School officials are insisting, however, that like a paddling duck, the work is feverishly being done out of sight — and by a school board that has announced itself in “harmony.”

The central office has found a new temporary location at the abandoned BB&T building on Kahn Drive, which will be more convenient to most of the county and — more importantly — should enable the focus to be on building a new school, where it belongs.

The assumption, and we made it as well, has been that the new school would be built near West Lumberton, a community that suffered the hardest at the hands of Matthew because it lost its school. We said so in this space as recently as Thursday, but wish now we had held our fire.

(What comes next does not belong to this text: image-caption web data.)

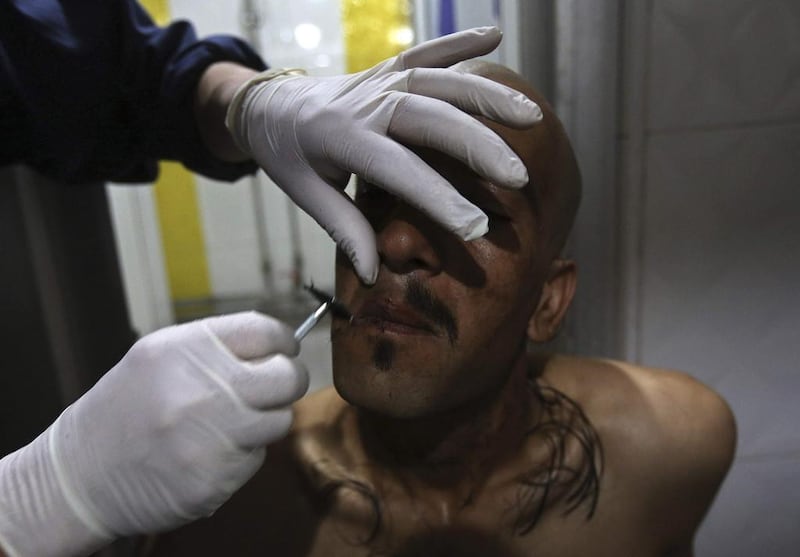 A drug addict is shaved after taking a cold shower as part of his treatment. Omar Sobhani / Reuters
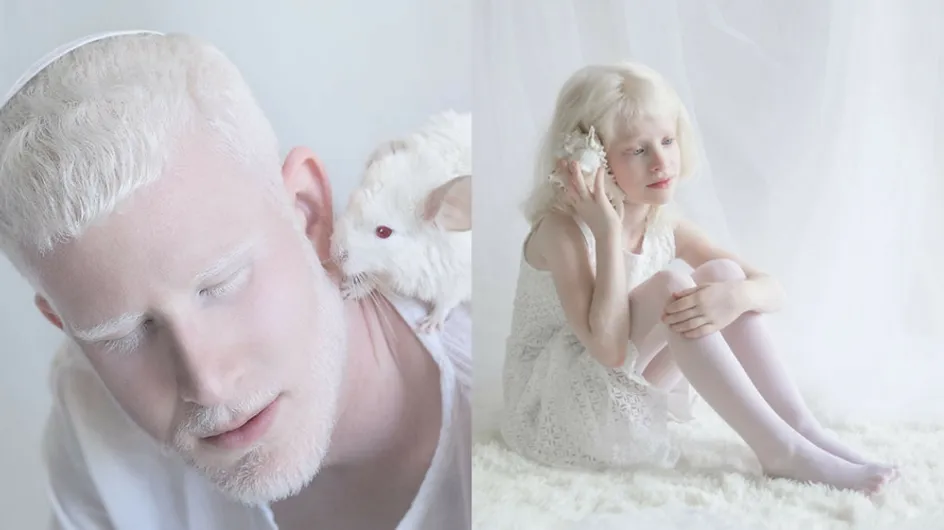 Cette photographe montre la beauté captivante de l'albinisme (photos)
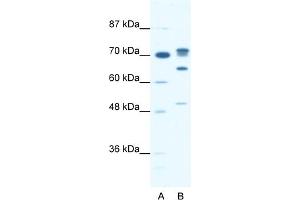 WB Suggested Anti-DDX21 Antibody Titration:  0. (DDX21 Antikörper  (N-Term))
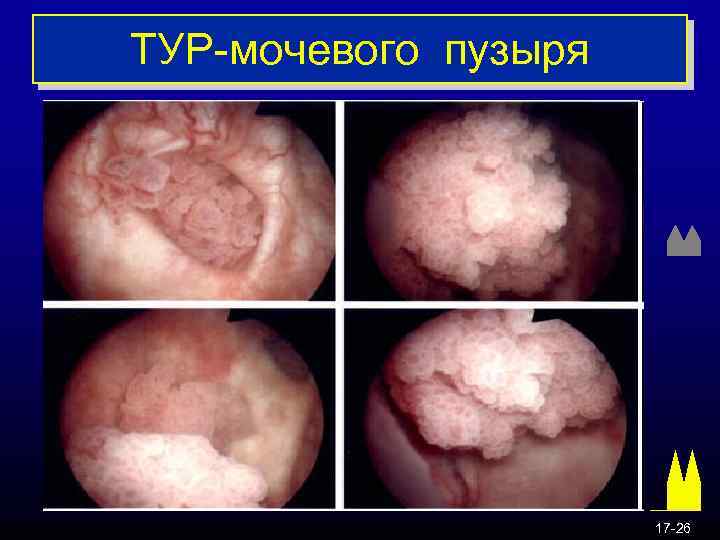 TУР-мочевого пузыря 17 -26 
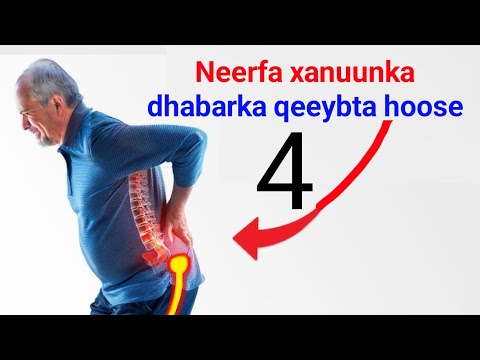 Xanuunka Neerfaha Dhabar Qeeybta Hoose 4 Qaab Oo Loo Daaweeyo Iyo Waxa Sababo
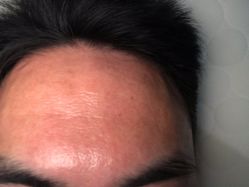 体验后-重庆军科整形美容医院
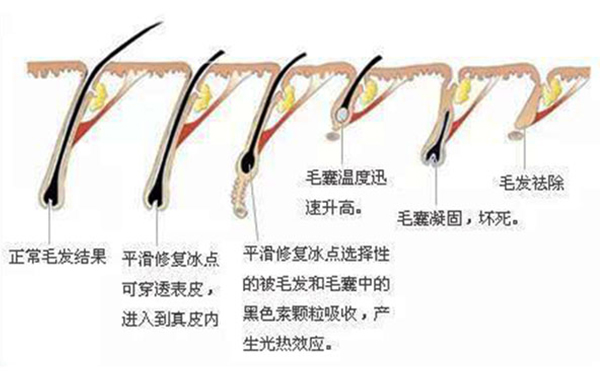 面部冰點(diǎn)脫毛會(huì)反彈嗎?不到半年又長(zhǎng)了是怎么回事?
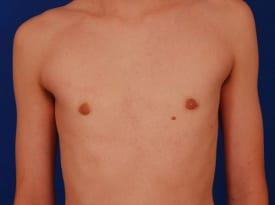 Patient Before & After Image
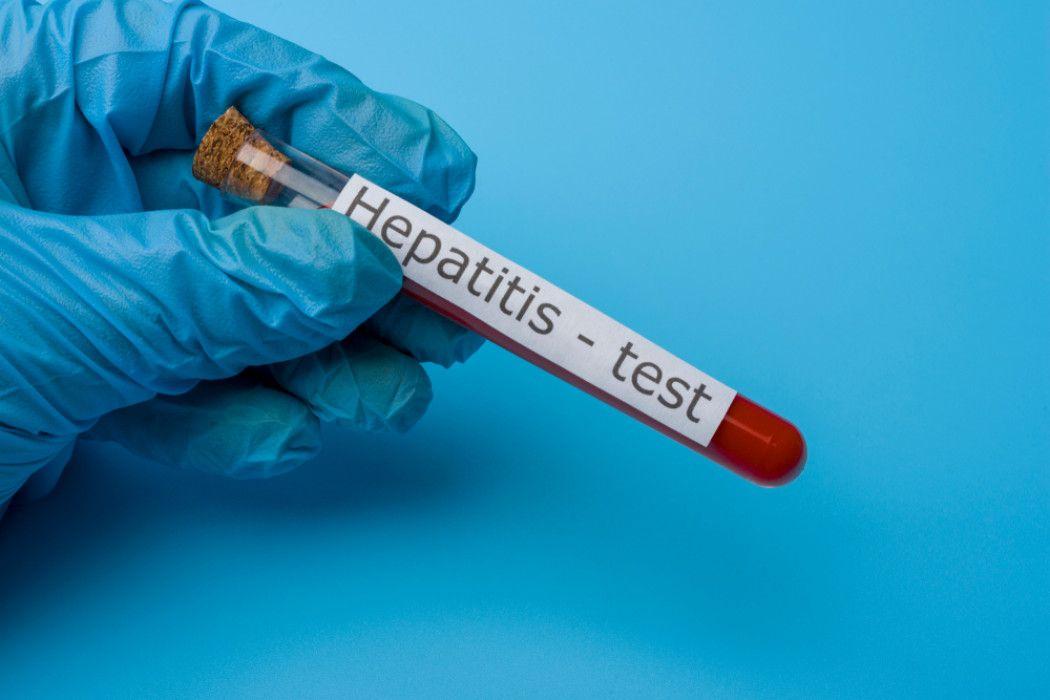 Dinkes Jatim Laporkan 114 Suspek Hepatitis Akut Misterius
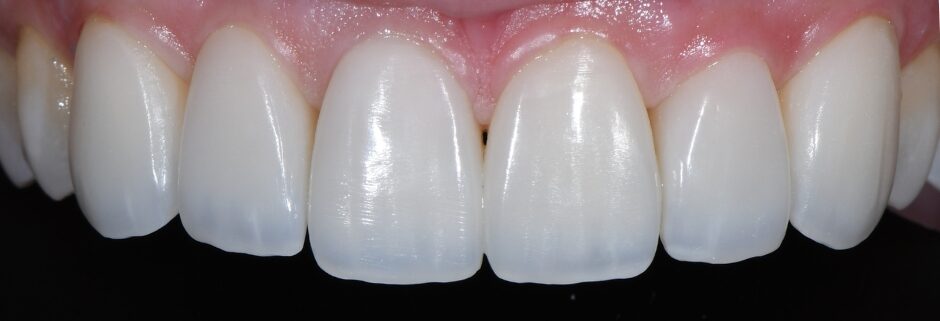 Gydytojo odontologo, estetinių restauracijų specialisto, Žilvino Budrevičiaus atvejis po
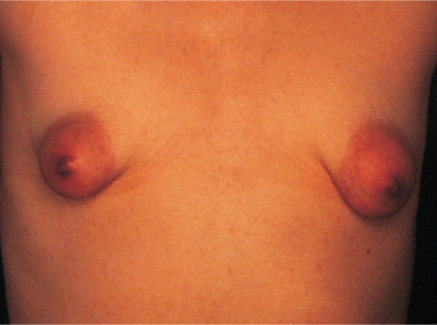Photo of Patient 02 Before Breast Lift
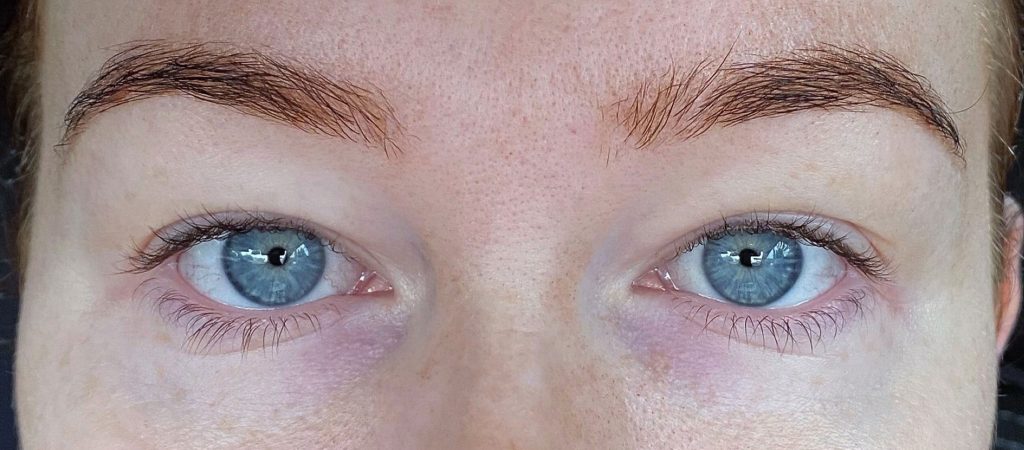 Upper eyelid reduction 1a, cosmetic surgery, signature clinic, blepharoplasty, eyelid reduction, upper eyelid reduction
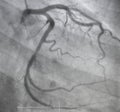 Coronary angiography. left coronary angiography.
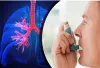 Chest Physician in Aurangabad- Subhashree Hospital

School officials are publicly indicating that the location of the new school will depend on a study that determines where growth is occurring, and that is likely to point either northward or westward from the county seat. So expect some typical Robeson County turf battles.

We fully endorse the idea that a school has to be located where the popular growth will occur. To do otherwise would be to crowd existing schools with the new growth, and that makes little sense.

The other unanswered question will be where the money comes from. The local system didn’t apply for state dollars that had been made available to Tier 1 schools, the state’s poorest, but another round of funding is coming. This time, however, the money will be available to schools other than Tier 1 so the competition will be more intense. The system has to be fully prepared for that opportunity.

The Robeson County Board of Commissioners has already signaled that it has no plans to significantly increase funding to the public schools, certainly not the $17 million that has been requested, but probably not the $6 million that apparently was once just laying around when Angel Exchange was in the headlines.

The school system has asked for the county to put a referendum before the voters that would allow for the sale of bonds to raise $50 million, something this newspaper would probably endorse, but it will be a tough sale to the voters who have to be convinced the money will be wisely used and that a debilitating tax increase would not be around the corner. That request appears stuck on idle following the tragic death of the county attorney.

But the rift between the two county board remains on full display, which last week prompted a call out by a school board member who sarcastically thanked the commissioners for their generous funding of the system.

One way or the other, members of the school board and the county Board of Commissioners need to put aside their outsized egos and figure out what is best for all of this county in terms of where and how to build a new school. If they can demonstrate the capacity to build one, perhaps they can figure out how to build another.

It will require some adulting and genuine leadership. The coming months will inform us if these boards are up to the task.